Test Options for Evaluating Calcium Metabolism
Test selection depends on the animal’s history, clinical signs, and suspected differential diagnoses. Ionized, or free, calcium is the physiologically active and hormonally regulated fraction of the total calcium concentration and is required to assess for the presence of calcium abnormalities (standalone ionized calcium is available (20026)). The basic parathyroid profile (20033) provides measurement of both ionized calcium and parathyroid hormone (PTH), the primary hormone involved in calcium regulation. In cases where malignancy is a possibility, the malignancy profile (20030) includes measurement of ionized calcium, PTH, and parathyroid hormone-related protein (PTHrP). In cases where there is concern for vitamin D excess or deficiency, measurement of 25-hydroxyvitamin D should be requested. The vitamin D profile (20035) includes measurement of ionized calcium, PTH, and 25-hydroxyvitamin D concentrations.

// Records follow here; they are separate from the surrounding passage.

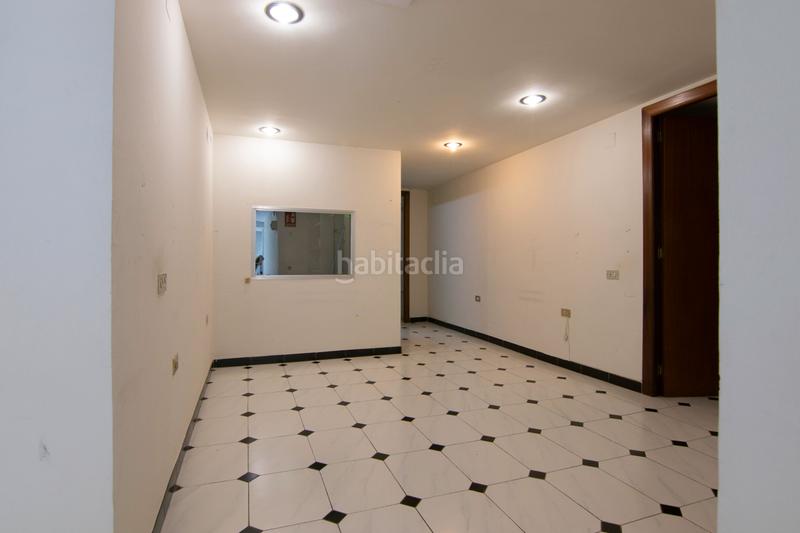 Foto b2bc954a-f3a9-49af-a0e5-cd41c83cc83b. Locale commerciale in carrer benigafull 1 in Vall d´Uixó (la)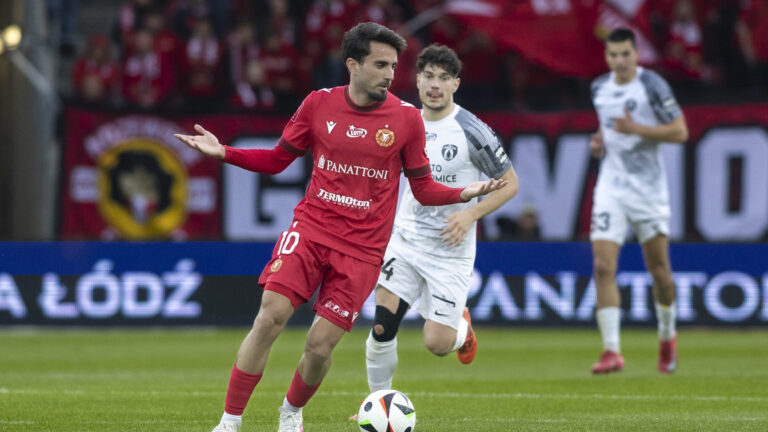 2025.05.19 Lodz Pilka Nozna PKO BP Ekstraklasa Sezon 2024/2025 Widzew Lodz - Puszcza Niepolomice Nz Fran Alvarez Foto Dawid Figura / PressFocus

2025.05.19 Lodz Football Polish League PKO BP Ekstraklasa Season 2024/2025 Widzew Lodz - Puszcza Niepolomice Fran Alvarez Credit: Dawid Figura / PressFocus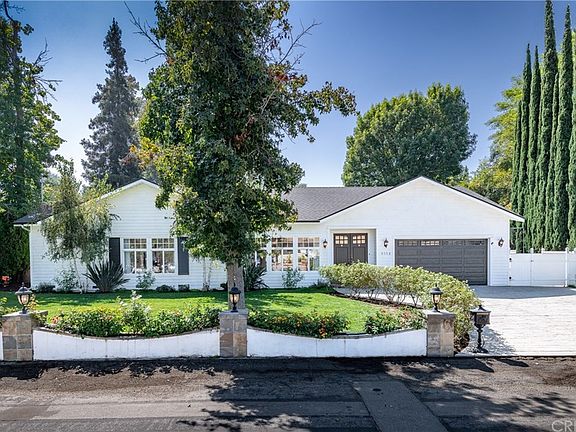2nd image of 5112 Dumont Pl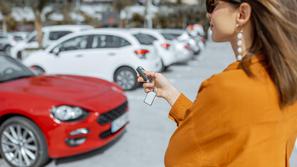 Nakup avta dekle voznica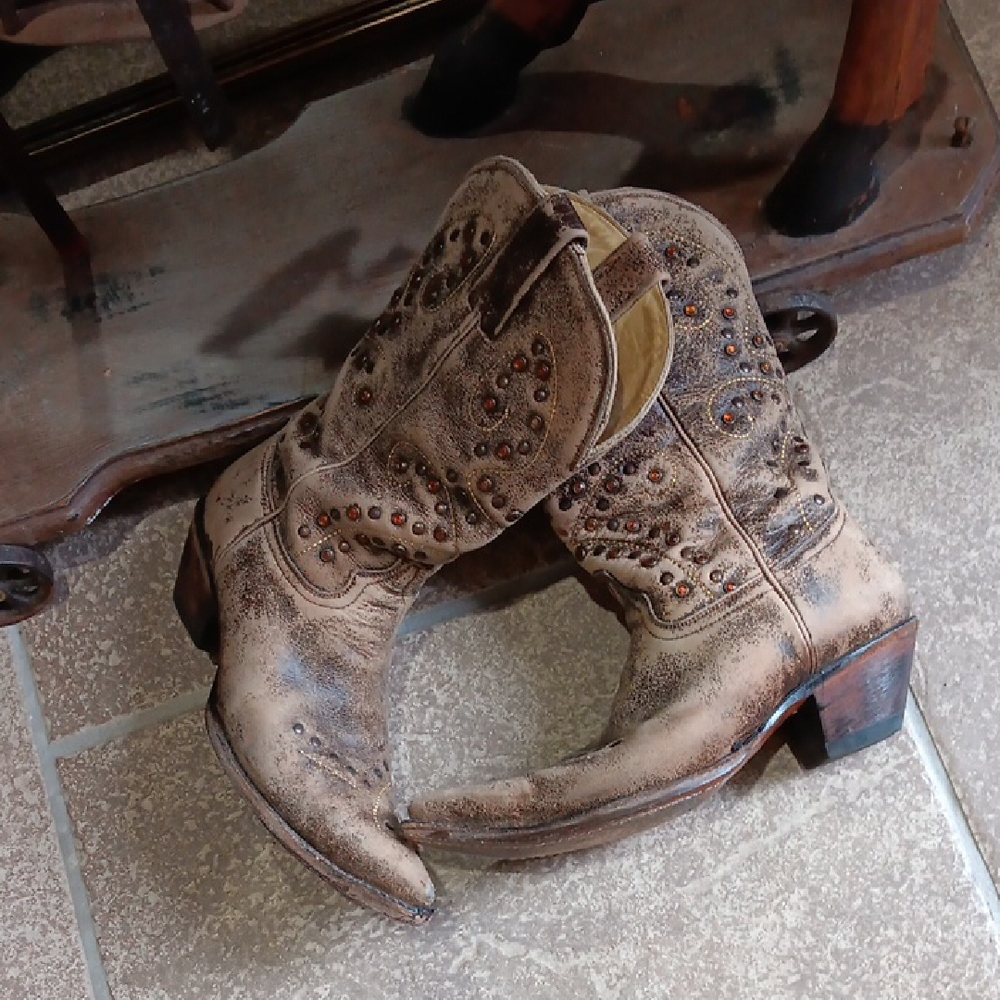 VINTAGE Rudel Handcrafted Leather Boho Studded Cowboy Boots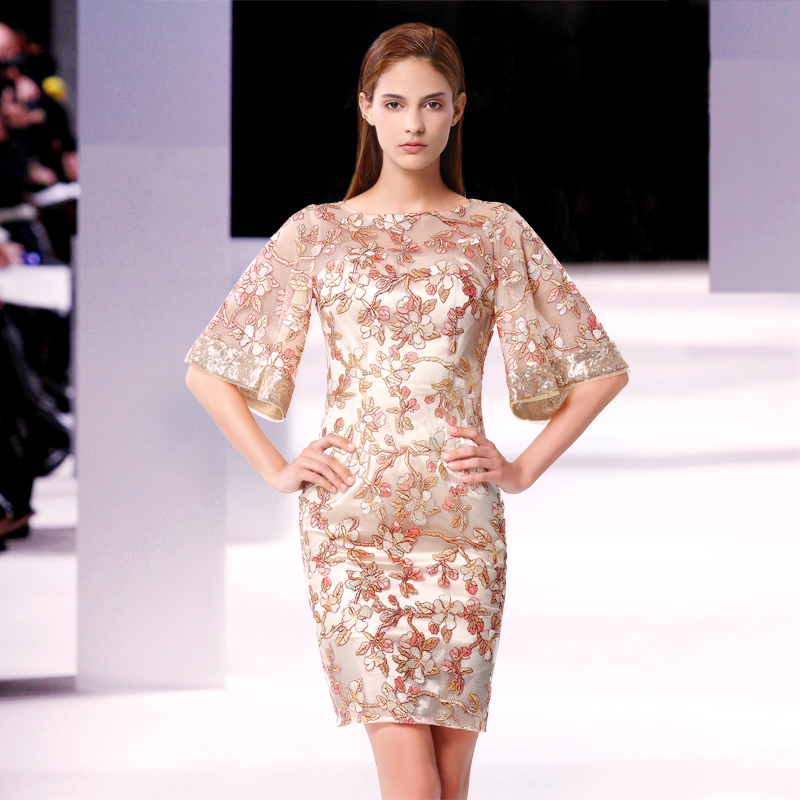 2022 Sexy Sheath Floral Embroidery Evening Dresses Illusion Half Sleeve Tulle Knee Length Cocktail Party Gowns Formal Dresses, Same as picture
2022 Sexy Sheath Floral Embroidery Evening Dresses Illusion Half Sleeve Tulle Knee Length Cocktail Party Gowns Formal Dresses, Same as picture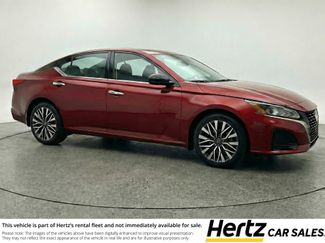 Used 2025 Nissan Altima 2.5 SV video 1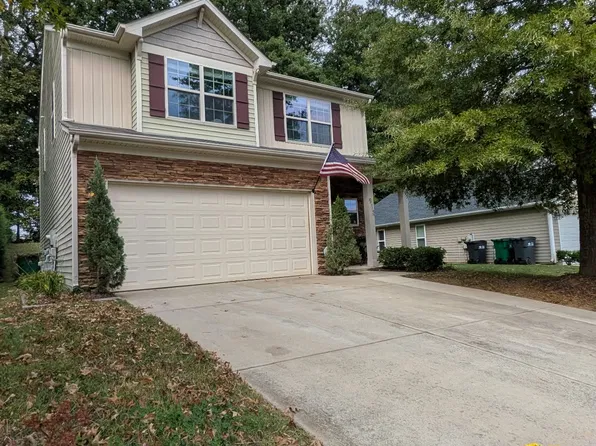 913 Rook Rd, Charlotte, NC 28216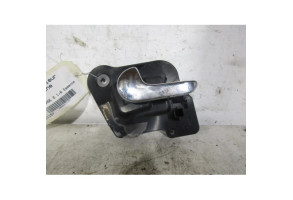 Poignee interieur arriere gauche OPEL MERIVA A Photo n°1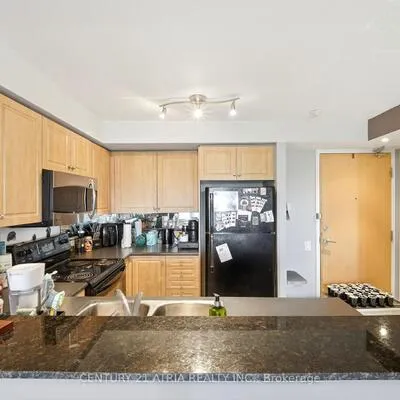 1040,&nbsp;The Queensway, Islington-City Centre West, Toronto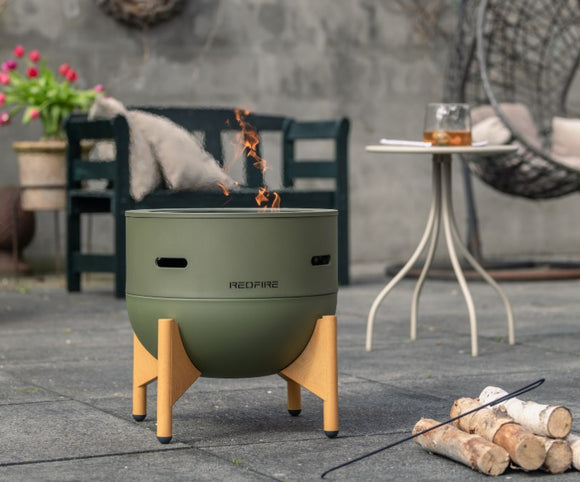 Vatra RedFire Jubilee verde pe o terasa, nealimentata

Total Calcium Versus Ionized Calcium
Serum total calcium concentrations obtained on biochemistry profiles do not always correlate to the ionized calcium concentration, especially in disease states. Serum total calcium is composed of three fractions: ionized, complexed, and protein bound. With fair consistency between dogs and cats, about 50% of total calcium is ionized (or free) calcium, 40-45% is protein-bound (80% to albumin and 20% to globulins), and the remaining 5-10% complexed fraction is bound to non-protein anions (citrate, sulfate, phosphate, others). Alterations in any one of these fractions can impact the total calcium concentration. Studies have shown that hypercalcemia is overestimated, and hypocalcemia is underestimated, when total calcium or “adjusted” total calcium is used to predict ionized calcium. “Correction” formulas for estimating or predicting ionized calcium status using adjusted total calcium concentrations are no longer recommended. Particularly in patients with renal disease, total calcium or adjusted total calcium are unreliable predictors of calcium status due to diagnostic discordance where the total calcium concentration is increased due to increased binding of calcium to non-protein anions. A discrepancy (total hypercalcemia with an ionized calcium concentration within reference interval or even decreased) is not uncommon in animals with renal disease.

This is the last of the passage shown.